Ex 11.1, 6
Draw a triangle ABC with side BC = 7 cm, ∠ B = 45°, ∠ A = 105°. Then, construct a triangle whose sides are 4/3 times the corresponding sides of Δ ABC.
In Δ ABC
∠B = 45°, ∠A = 105°
Sum of all interior angles in a triangle is 180°.
∠A + ∠B + ∠C = 180°
105° + 45° + ∠C = 180°
∠C = 180° − 150°
∠C = 30°
Steps of construction
- Draw a ΔABC with side BC = 7 cm, ∠B = 45°, ∠C = 30°.

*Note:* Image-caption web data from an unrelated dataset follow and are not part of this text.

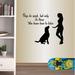 Winston Porter Dogs Do Speak Quote Girl & Dog Wall Decals Vinyl in Yellow | 22 H x 29 W in | Wayfair E0B7FC28903A4A2797B7D6D73C2E93BD
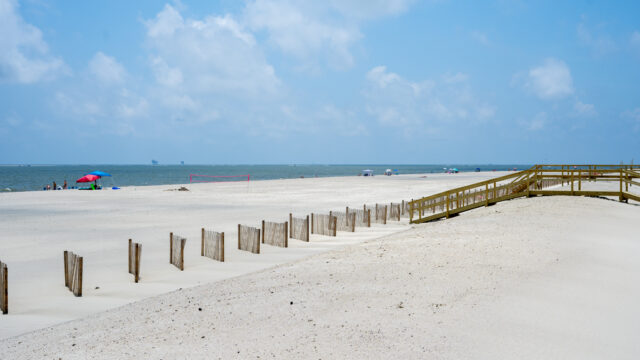 View of beaches at Dauphin Island Alabama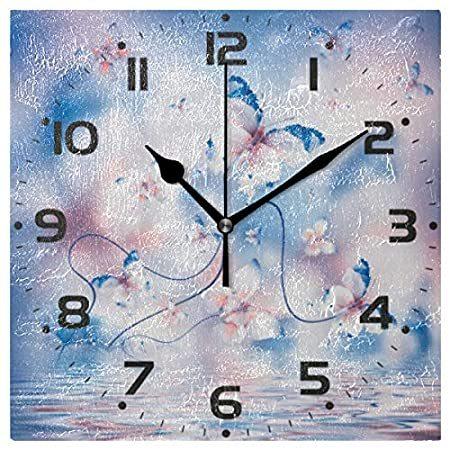 Naanle 正方形 花 正方形 壁時計 インテリア時計 素晴らしい蝶の妖精 壁時計 静音 静音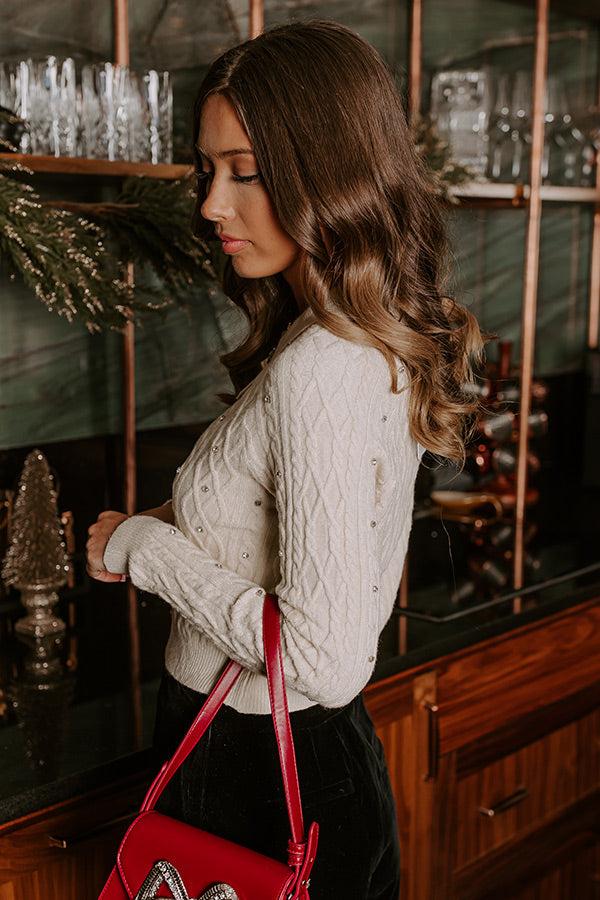 Kind Smile Cable Knit Embellished Cardigan in Cream Product Image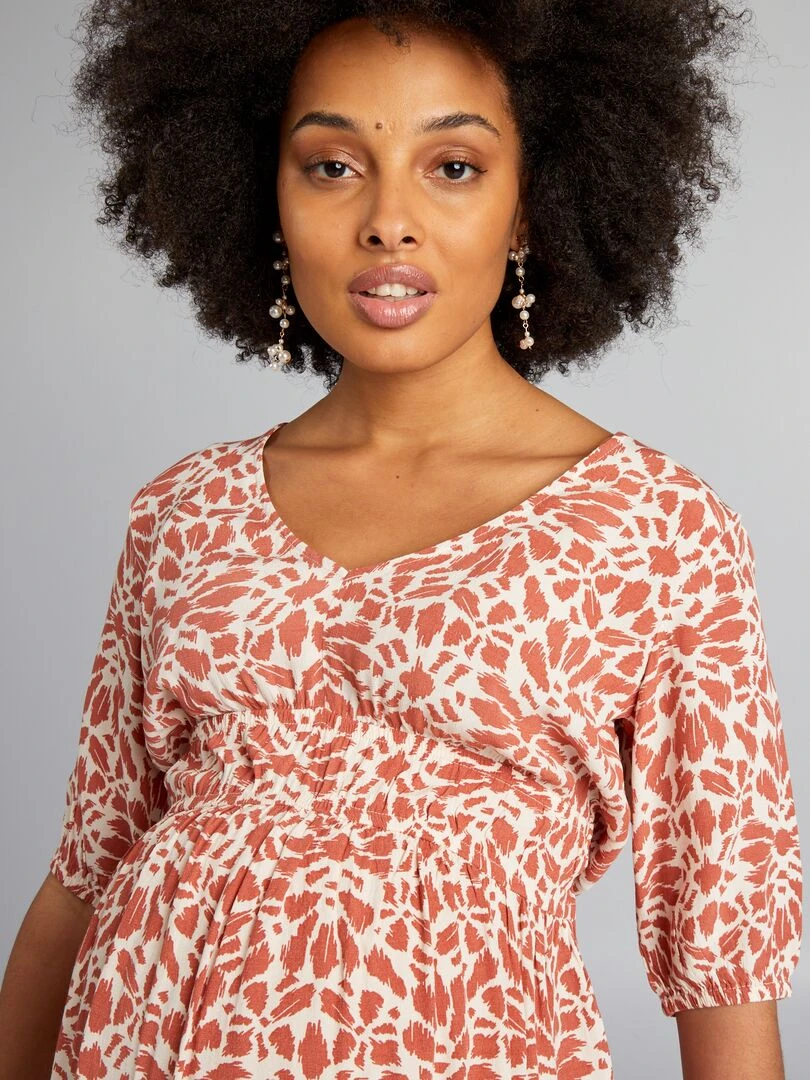 Robe fluide grossesse   Beige/terracotta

- Draw a ray BX making an acute angle with BC on the opposite side of vertex A.
- Locate 4 points (as 4 is greater in 4 and 3), B_1, B_2, B_3, B_4, on BX.
- Join B_3C. Draw a line through B_4 parallel to B_3C intersecting extended BC at C'.
- Through C', draw a line parallel to AC intersecting extended line segment at C'.
ΔA'BC' is the required triangle.
(BC^′)/BC=(BB_4)/(BB_3 ) = 4/3
Also, A’C’ is parallel to AC
So, the will make the same angle with line BC
∴ ∠ A’C’B = ∠ ACB
In Δ A’BC’ and ABC
∠ B = ∠ B
∠ A’C’B = ∠ ACB
Δ A’BC’ ∼ Δ ABC
Since corresponding sides of
similar triangles are in the same ratio
(A^′ B)/AB=(A^′ C^′)/AC=(BC^′)/BC
So, (A^′ B)/AB=(A^′ C^′)/AC=(BC^′)/BC =4/3.
This justifies the construction.